1. Work for more than 35 years

The Social Security benefit you're entitled to during retirement will be based on your average wages from your 35 highest-paid years of work, adjusted for inflation. So how might working for more than 35 years garner you a higher benefit?

It's simple. Most people's real incomes grow as they put in more time in the workforce. If you already have 35 years or more of work under your belt, but you're earning a lot more now than you did early in your career, then it could pay to stick with your job a bit longer. By doing so, you'll push some years when you were earning less out of the calculation, replacing them with years that lift your average -- and your monthly benefit.

2. Secure a side income

It's not just earnings from your main job that count in the calculation of your Social Security benefit.

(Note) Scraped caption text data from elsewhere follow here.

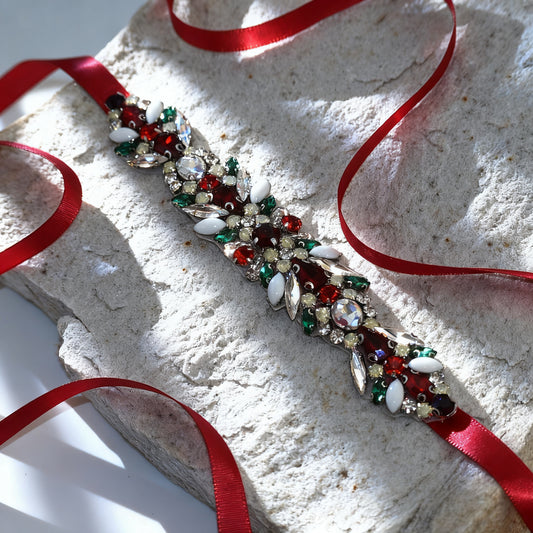 Bridella BS477 Red Satin & Crystal Belt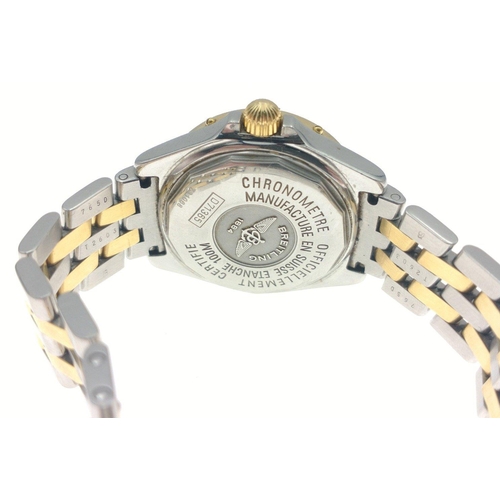 23 - ORIGINAL BREITLING CHRONOMAT ladies Wristwatch 71365D – Manufacturers details - Yellow gold bezel/st... 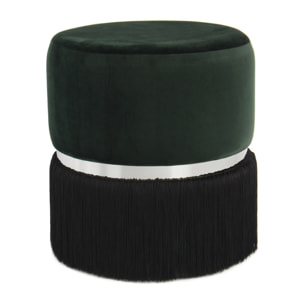 Pouf Rebecca in velluto verde scuro con frange e anello silver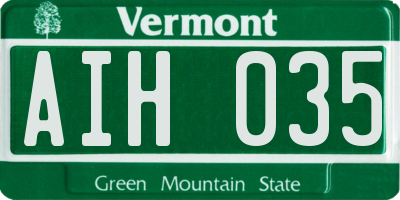 VT license plate AIH035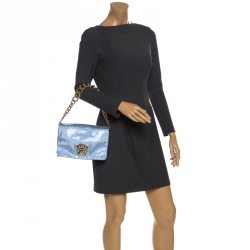 Pre Owned Versace Light Blue Crystal Embellished Shimmer Leather Sultan Shoulder Bag 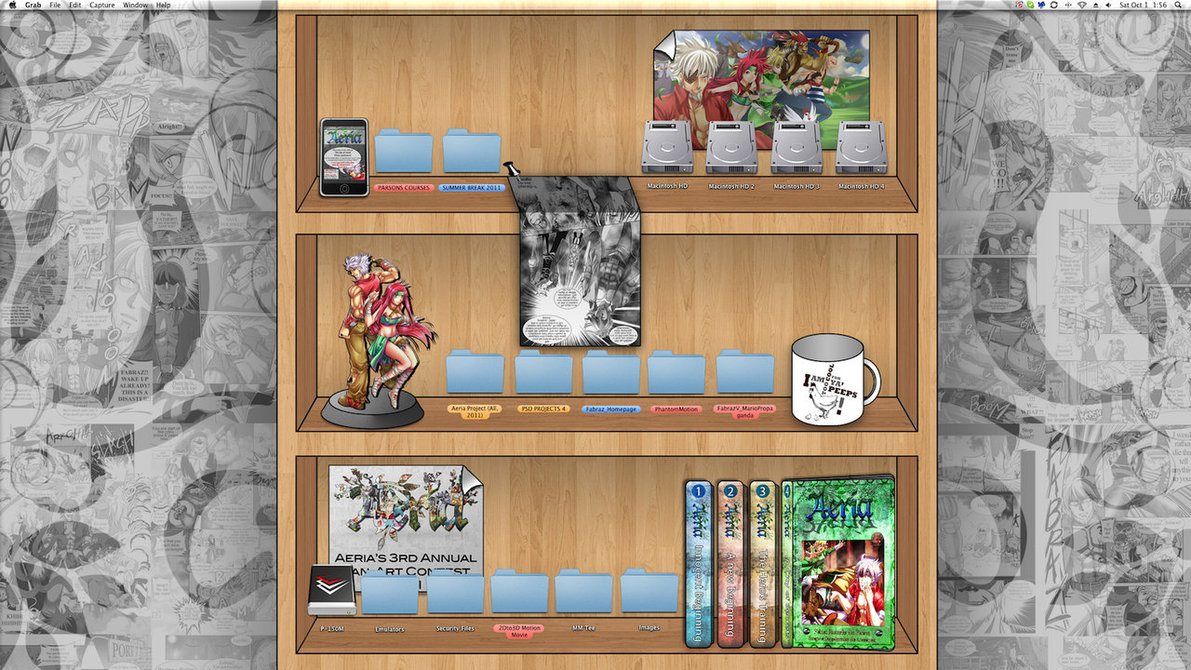 Aeria Shelf Desktop Wallpaper by Fabrazz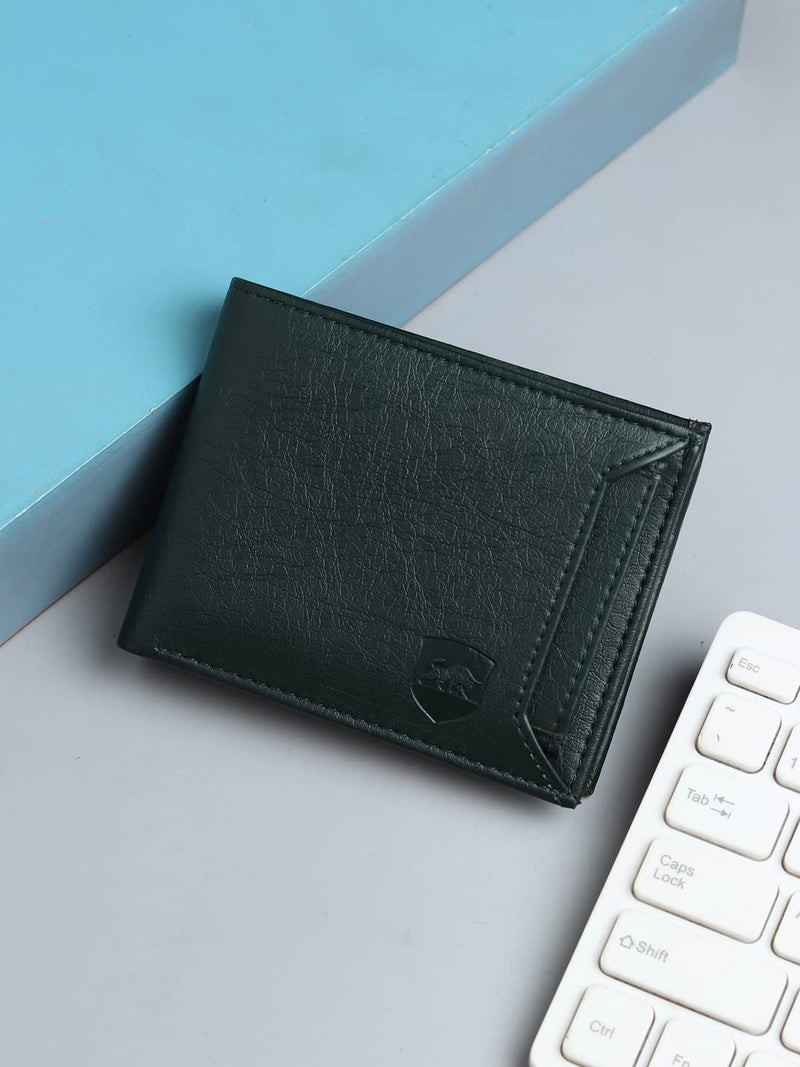 SAMTROH Slider ATM Design PU Leather Wallet for Men | 6 Card Slots I 2 Currency & Secret Compartments I 1 Coin Pocket & 1 ID Card Slots (Green) - Image 2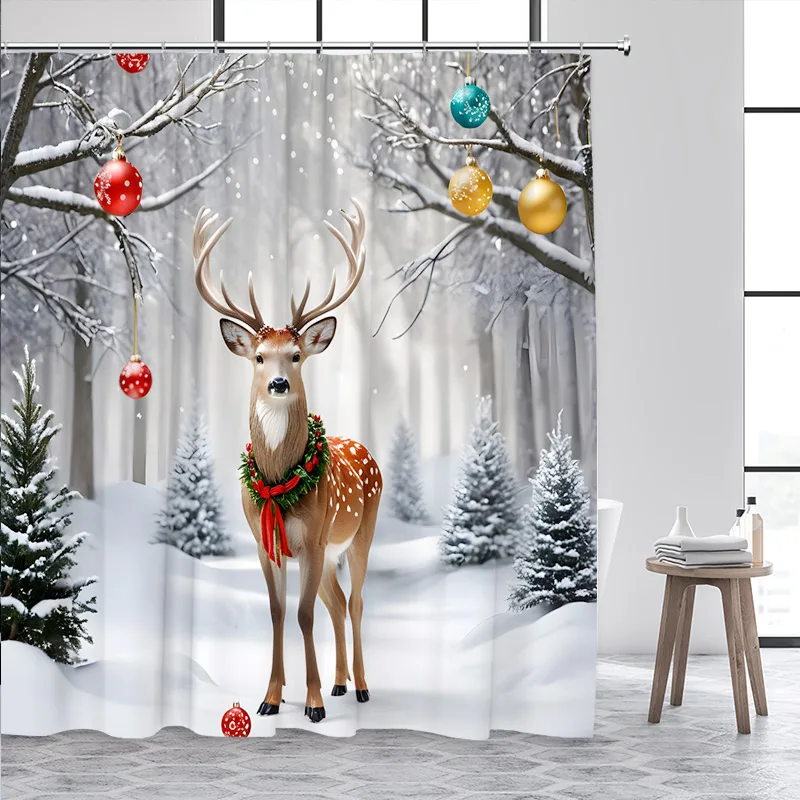 Christmas Elk Shower Curtain Farmhouse Pine Bough Deer Animal Cedar Winter Forest Landscape Bath Curtains Fabric Bathroom Decor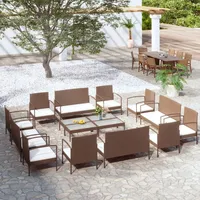 Ankonbej 16-tlg. Garten-Lounge-Set mit Auflagen Poly Rattan Braun - Braun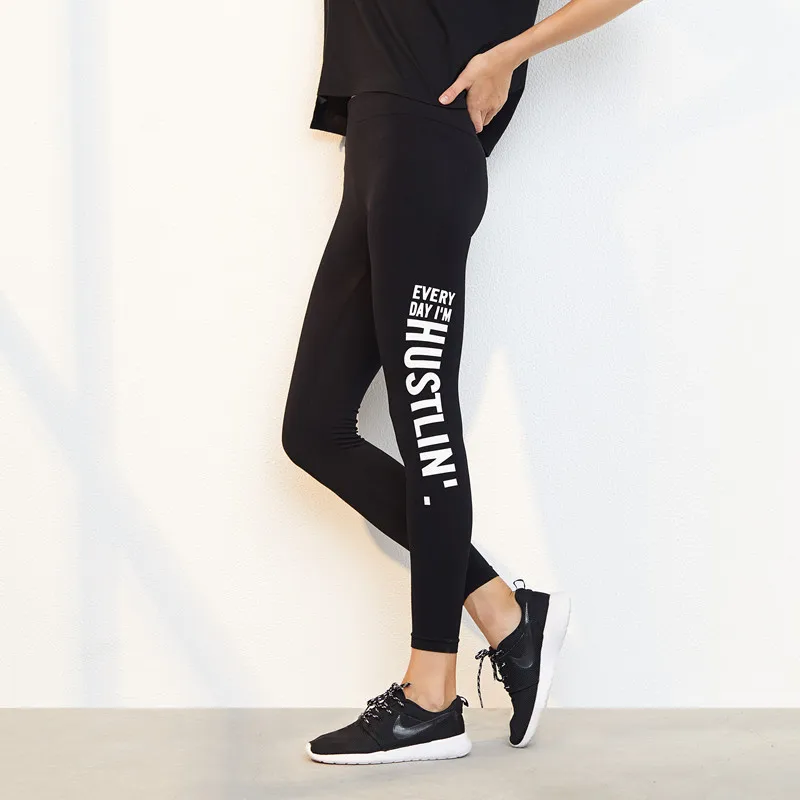 

Solid Color Letter Leggings Women Elastic Fitness Workout Legging Sporting High Waist Leggins Compression Quick Drying Pants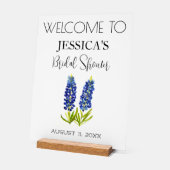 ブルーボンネットの花 ブライダルシャワーのウェルカムサイン アクリルサイン (傾斜)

If you secure a side gig -- and properly report what you earn from it to the IRS -- that income will be factored into your benefits calculation as well. Plus, having a second job could make it easier to pad your retirement investment portfolio and build a solid nest egg to supplement the benefits you collect.

3. Upgrade your regular benefit to a spousal benefit

Even if you earned enough during your career to qualify for Social Security on your own, if your earnings weren't that strong, your benefit may not be very high. However, you may not have to settle for that. If you're married to someone who's eligible for Social Security, or were married for at least 10 years to someone who is, you may be entitled to spousal benefits based on their earnings.

Your spousal benefit will amount to 50% of what your current or former spouse collects. If you're married, you can't collect spousal benefits until your spouse files for Social Security.

Let's say your spouse is younger than you, so you file for Social Security first and are given a monthly benefit of $1,250. If your spouse was a significantly higher earner than you and is eligible for a monthly benefit of $2,800, once they claim Social Security, you can bump up your monthly payments to $1,400.

Get more out of Social Security

Regardless of what your nest egg looks like in retirement, you'll probably want to get the most you can out of Social Security. These moves could be your ticket to snagging a higher benefit -- and enjoying the freedom that comes with it.